The project finished on schedule in October 2024. The organization’s team expressed high satisfaction with both the result and the process. The migrated application retained all original functionality, ran in modern browsers without plugins, and delivered performance improvements on some features. From their perspective, they preserved their business investment in the original application while eliminating the technical and security risks that threatened operations. Their tool was in production very fast after we delivered.
5. Where OpenSilver Makes Business Sense
OpenSilver provides a practical answer that works for particular business environments of enterprises. Organizations that have large Silverlight or WPF codebases that hold important business value will find the migration method more affordable than performing a full system rewrite. The process of application development, which spanned multiple years and required millions of dollars, should be updated through a 10-20% investment instead of completely rebuilding at 100-150% of the original cost.
Teams with strong XAML expertise can use their current abilities instead of needing to train their entire development team for new frameworks. Organizations require this information because their existing talent shortages generate major operational difficulties. An organization can advance through this situation by using its present team members to sustain work efficiency during the process of hiring new developers who possess contemporary development skills.

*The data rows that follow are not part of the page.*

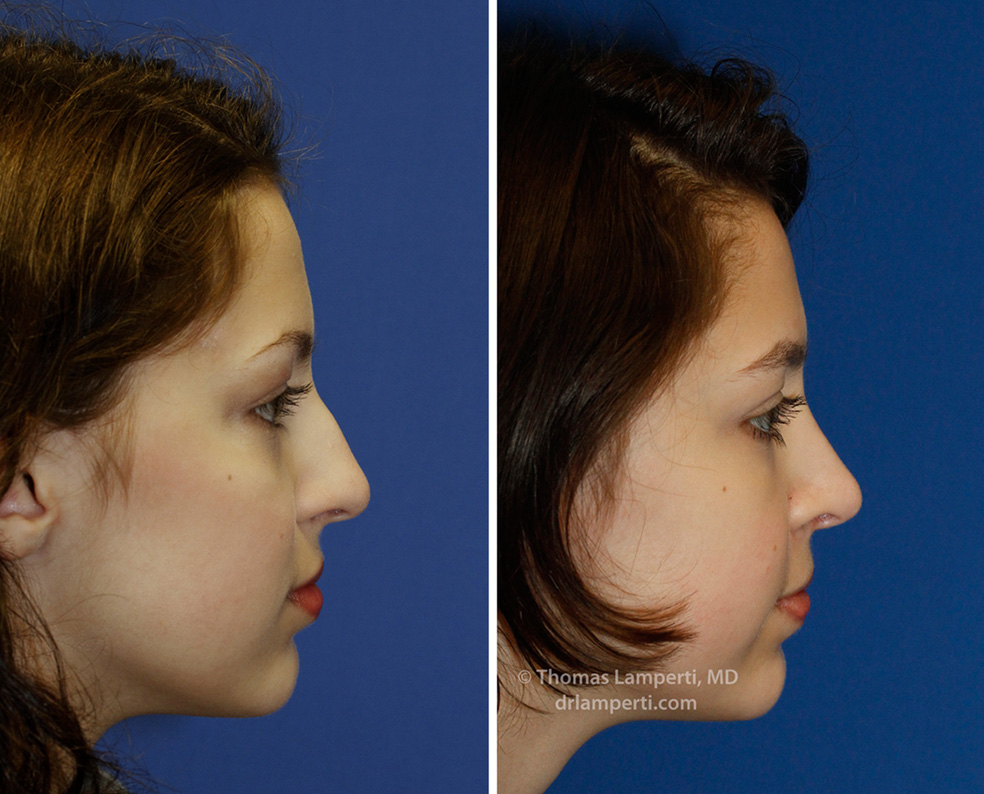 Rhinoplasty patient 45 Right Profile Before and After hump removal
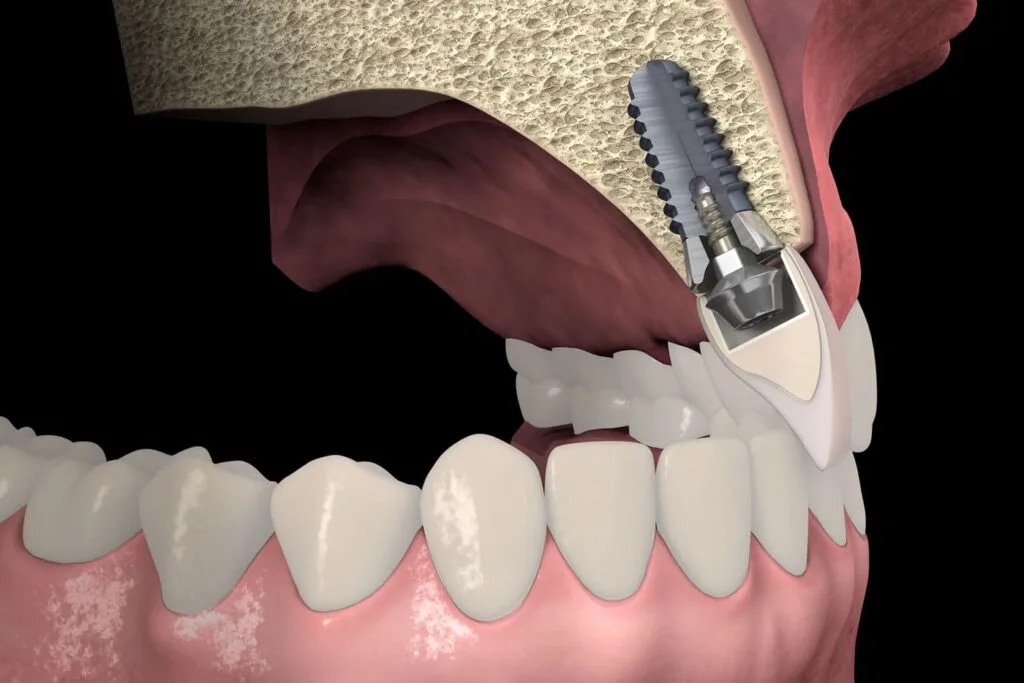 Knochentransplantation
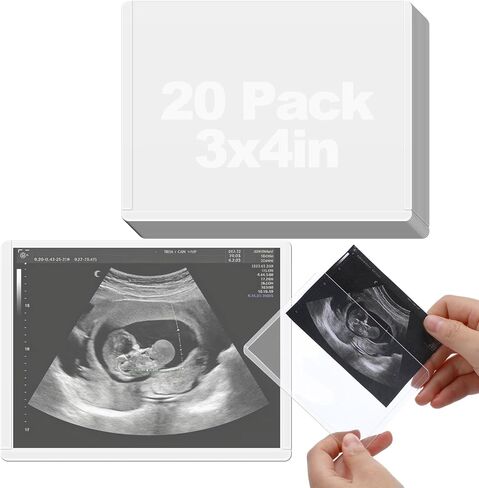 Easy Insert Photo Protector for 3x4in Ultrasound Pictures - Side-Loading to Keep Baby Sonogram Picture/Special Memories Safe, Pregnancy Journal Must Haves, Pregnancy Gifts for Expecting Mom, 20 Pack in Kuwait
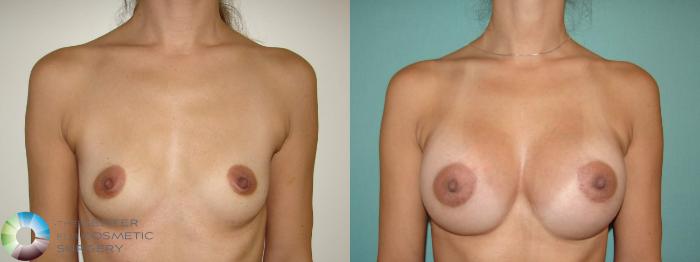 Before & After Breast Augmentation Case 10941 Anterior in Denver and Colorado Springs, CO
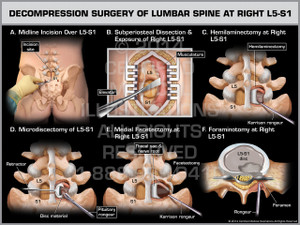 Exhibit of Decompression Surgery of Lumbar Spine at Right L5-S1. Exhibit of Decompression Surgery of Lumbar Spine at Right L5-S1.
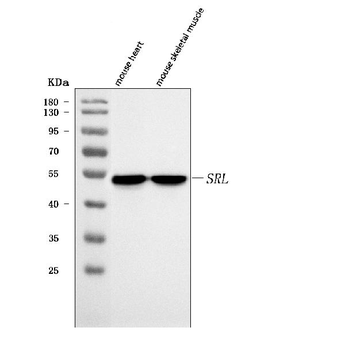 Sarcalumenin/Srl Rabbit Polyclonal Antibody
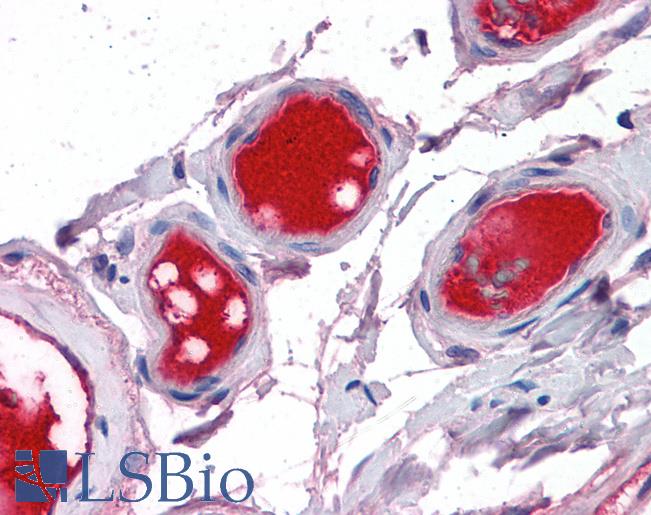 F10 / Factor X Antibody - Anti-F10 / Factor X antibody IHC of human small intestine, vessels. Immunohistochemistry of formalin-fixed, paraffin-embedded tissue after heat-induced antigen retrieval. Antibody concentration 5 ug/ml.
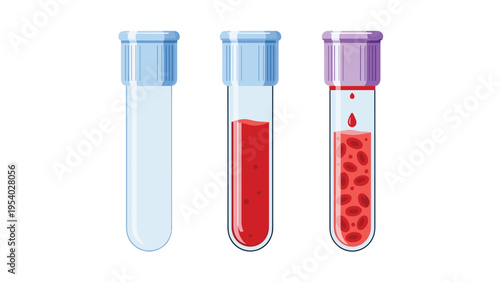 Medical laboratory equipment showing three test tubes for blood analysis including empty vessel and samples with red blood cells.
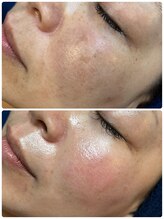 イロドリ(irodori)/肌改善♪クリアな素肌へ☆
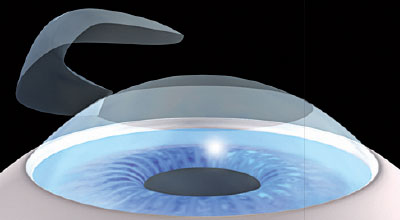 Femto-LASIK S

Applications with complex business logic that are imperfectly documented benefit especially. The system keeps its current logic from previous years because it avoids trying to rebuild it by studying the accumulated rules and edge cases that appeared during the migration process. I had the opportunity to perform reverse engineering of a complex business solution while wearing a Business Analyst hat. Without proper documentation, this is time-consuming and requires specific domain knowledge. The testing process aims to confirm that migration operations have not damaged current system operations, instead of proving that all business rules have been rewritten.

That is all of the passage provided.